Return, unaltered, every line from the beginning of the material below up to and including the one with "Jeremy online show from 04/17/26, 07:28".

--- DATA FOR THIS EXERCISE ---
══════════════════════════════

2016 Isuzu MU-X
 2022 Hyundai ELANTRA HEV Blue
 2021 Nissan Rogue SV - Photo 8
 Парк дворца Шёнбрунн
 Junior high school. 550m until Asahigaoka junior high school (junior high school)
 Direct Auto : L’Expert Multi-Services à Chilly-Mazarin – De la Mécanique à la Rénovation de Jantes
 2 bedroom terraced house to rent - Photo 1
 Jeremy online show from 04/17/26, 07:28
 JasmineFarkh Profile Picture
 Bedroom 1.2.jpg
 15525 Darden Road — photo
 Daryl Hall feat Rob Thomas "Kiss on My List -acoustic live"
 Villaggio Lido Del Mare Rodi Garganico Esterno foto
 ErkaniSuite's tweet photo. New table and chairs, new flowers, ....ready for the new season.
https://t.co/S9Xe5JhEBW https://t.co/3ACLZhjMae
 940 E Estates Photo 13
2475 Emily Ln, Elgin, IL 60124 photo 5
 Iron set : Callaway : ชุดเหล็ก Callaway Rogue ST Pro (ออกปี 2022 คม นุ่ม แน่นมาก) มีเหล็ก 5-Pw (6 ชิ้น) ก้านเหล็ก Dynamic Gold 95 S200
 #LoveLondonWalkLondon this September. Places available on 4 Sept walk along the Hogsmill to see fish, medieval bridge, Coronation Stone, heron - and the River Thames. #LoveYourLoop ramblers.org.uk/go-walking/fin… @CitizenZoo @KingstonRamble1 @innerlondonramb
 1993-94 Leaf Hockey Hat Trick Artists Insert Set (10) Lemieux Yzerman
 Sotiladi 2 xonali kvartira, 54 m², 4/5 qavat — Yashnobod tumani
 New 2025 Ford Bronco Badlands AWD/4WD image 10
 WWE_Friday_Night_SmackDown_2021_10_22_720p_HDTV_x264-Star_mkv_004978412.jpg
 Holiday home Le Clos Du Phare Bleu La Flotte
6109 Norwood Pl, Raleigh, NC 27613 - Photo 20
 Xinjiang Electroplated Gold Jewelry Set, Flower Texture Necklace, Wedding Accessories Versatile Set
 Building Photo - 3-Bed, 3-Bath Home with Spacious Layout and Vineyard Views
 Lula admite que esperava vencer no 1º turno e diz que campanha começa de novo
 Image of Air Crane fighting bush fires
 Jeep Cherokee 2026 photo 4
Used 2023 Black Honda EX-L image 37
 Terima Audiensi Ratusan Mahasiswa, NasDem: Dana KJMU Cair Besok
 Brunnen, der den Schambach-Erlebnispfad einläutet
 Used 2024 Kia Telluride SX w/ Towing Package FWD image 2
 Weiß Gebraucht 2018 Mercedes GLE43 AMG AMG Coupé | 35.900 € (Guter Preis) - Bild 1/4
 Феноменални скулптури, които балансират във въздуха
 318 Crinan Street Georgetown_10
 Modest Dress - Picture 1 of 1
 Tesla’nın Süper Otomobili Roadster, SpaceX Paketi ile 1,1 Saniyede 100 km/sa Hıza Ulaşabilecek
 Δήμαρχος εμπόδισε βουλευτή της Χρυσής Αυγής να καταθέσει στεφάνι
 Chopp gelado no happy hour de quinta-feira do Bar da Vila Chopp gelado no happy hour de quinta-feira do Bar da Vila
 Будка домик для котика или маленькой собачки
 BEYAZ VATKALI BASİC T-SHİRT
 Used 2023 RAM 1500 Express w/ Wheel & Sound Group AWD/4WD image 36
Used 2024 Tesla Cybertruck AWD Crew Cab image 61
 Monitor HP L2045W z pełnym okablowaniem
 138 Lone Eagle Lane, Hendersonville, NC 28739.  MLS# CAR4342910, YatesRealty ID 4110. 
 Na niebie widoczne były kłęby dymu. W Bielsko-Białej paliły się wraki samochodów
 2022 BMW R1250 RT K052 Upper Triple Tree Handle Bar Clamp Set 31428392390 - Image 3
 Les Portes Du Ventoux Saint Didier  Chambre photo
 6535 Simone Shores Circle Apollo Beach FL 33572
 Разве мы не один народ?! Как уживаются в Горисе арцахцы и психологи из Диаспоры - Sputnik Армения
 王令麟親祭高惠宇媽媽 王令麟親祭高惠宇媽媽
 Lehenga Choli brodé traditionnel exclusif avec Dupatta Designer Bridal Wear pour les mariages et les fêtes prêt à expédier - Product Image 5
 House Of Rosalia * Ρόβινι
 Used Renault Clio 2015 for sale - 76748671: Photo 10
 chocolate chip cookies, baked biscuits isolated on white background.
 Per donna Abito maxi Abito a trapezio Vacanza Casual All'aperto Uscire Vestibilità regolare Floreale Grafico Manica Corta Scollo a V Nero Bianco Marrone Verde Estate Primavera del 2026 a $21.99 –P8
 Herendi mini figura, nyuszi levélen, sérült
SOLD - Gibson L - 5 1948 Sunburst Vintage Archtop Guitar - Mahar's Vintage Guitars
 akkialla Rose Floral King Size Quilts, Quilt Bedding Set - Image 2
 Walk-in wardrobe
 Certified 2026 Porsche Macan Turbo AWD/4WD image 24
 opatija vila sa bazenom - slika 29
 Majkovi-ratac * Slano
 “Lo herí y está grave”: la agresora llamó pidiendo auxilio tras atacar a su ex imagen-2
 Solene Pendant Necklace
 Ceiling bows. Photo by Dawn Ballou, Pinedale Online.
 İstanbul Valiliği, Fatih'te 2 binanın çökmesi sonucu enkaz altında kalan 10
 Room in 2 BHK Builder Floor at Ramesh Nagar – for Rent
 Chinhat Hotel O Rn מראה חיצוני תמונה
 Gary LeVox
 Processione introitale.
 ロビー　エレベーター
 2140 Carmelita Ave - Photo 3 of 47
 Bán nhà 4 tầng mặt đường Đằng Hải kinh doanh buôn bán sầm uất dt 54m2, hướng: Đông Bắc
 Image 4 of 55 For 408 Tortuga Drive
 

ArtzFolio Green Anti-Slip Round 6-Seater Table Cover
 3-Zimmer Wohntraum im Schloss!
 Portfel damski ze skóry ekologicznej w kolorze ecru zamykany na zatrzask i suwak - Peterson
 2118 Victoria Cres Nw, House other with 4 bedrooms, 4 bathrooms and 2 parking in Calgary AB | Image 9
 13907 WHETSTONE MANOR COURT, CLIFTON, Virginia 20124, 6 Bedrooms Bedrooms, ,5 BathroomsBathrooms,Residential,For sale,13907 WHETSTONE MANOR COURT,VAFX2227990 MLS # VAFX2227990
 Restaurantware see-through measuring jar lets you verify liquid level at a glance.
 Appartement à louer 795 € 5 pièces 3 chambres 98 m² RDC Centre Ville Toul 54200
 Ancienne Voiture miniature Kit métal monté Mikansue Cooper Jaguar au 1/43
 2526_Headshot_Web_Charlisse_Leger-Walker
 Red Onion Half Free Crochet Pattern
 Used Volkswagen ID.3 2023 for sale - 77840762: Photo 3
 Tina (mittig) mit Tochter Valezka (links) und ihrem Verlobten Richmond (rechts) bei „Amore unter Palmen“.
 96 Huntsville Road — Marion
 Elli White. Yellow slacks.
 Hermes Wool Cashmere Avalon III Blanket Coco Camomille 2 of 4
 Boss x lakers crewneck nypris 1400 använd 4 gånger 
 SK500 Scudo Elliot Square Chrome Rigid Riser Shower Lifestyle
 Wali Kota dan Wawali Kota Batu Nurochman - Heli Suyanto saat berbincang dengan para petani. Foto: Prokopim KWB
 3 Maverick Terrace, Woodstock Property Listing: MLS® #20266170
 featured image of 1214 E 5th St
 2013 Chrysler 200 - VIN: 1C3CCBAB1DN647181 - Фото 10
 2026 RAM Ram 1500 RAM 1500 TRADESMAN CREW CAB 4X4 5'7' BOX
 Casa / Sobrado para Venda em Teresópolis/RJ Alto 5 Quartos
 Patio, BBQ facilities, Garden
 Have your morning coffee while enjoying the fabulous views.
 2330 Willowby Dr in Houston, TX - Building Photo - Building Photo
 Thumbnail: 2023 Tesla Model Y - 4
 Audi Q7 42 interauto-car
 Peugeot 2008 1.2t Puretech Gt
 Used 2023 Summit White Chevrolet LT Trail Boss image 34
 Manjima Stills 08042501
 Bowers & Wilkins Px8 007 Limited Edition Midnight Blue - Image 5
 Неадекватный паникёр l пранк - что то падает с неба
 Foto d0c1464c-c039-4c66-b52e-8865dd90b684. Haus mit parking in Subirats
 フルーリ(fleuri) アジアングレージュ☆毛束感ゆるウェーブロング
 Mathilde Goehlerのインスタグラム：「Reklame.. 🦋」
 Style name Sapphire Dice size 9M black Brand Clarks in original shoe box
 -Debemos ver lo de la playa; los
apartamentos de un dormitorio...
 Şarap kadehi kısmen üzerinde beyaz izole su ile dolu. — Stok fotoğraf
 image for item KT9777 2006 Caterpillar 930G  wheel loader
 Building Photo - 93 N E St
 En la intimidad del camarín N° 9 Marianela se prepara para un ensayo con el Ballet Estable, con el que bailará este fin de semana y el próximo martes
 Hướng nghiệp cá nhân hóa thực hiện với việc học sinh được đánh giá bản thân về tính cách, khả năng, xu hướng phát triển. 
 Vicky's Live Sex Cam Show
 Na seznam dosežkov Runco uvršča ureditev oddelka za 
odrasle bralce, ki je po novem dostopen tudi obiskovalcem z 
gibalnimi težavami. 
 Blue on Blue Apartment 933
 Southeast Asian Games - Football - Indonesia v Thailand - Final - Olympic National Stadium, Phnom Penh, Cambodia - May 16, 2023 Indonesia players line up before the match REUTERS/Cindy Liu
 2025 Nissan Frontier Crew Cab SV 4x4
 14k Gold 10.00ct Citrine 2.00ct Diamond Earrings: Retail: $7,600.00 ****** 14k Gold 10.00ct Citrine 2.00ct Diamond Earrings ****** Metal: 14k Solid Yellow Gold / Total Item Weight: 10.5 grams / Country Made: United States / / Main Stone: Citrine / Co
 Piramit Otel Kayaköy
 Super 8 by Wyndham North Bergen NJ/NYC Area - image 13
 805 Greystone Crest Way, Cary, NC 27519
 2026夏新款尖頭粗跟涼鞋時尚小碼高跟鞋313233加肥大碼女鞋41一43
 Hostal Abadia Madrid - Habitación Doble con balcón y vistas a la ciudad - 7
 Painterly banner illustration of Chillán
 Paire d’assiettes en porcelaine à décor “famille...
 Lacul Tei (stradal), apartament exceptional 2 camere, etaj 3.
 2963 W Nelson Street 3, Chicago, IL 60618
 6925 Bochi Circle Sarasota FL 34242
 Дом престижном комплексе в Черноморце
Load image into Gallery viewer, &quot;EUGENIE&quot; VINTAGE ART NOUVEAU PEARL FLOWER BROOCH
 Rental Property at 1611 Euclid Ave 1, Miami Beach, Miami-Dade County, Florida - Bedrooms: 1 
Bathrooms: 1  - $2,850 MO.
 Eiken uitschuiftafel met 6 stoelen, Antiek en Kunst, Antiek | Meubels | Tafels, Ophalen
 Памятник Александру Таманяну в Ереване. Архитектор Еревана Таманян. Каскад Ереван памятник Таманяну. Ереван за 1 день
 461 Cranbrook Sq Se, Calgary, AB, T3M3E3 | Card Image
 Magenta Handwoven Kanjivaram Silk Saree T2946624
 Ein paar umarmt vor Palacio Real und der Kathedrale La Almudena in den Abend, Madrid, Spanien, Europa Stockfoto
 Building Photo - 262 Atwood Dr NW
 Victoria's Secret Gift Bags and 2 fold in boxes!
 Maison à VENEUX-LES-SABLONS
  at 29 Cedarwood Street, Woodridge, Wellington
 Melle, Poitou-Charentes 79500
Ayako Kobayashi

══════════════════════════════

--- EXPECTED ANSWER ---
2016 Isuzu MU-X
 2022 Hyundai ELANTRA HEV Blue
 2021 Nissan Rogue SV - Photo 8
 Парк дворца Шёнбрунн
 Junior high school. 550m until Asahigaoka junior high school (junior high school)
 Direct Auto : L’Expert Multi-Services à Chilly-Mazarin – De la Mécanique à la Rénovation de Jantes
 2 bedroom terraced house to rent - Photo 1
 Jeremy online show from 04/17/26, 07:28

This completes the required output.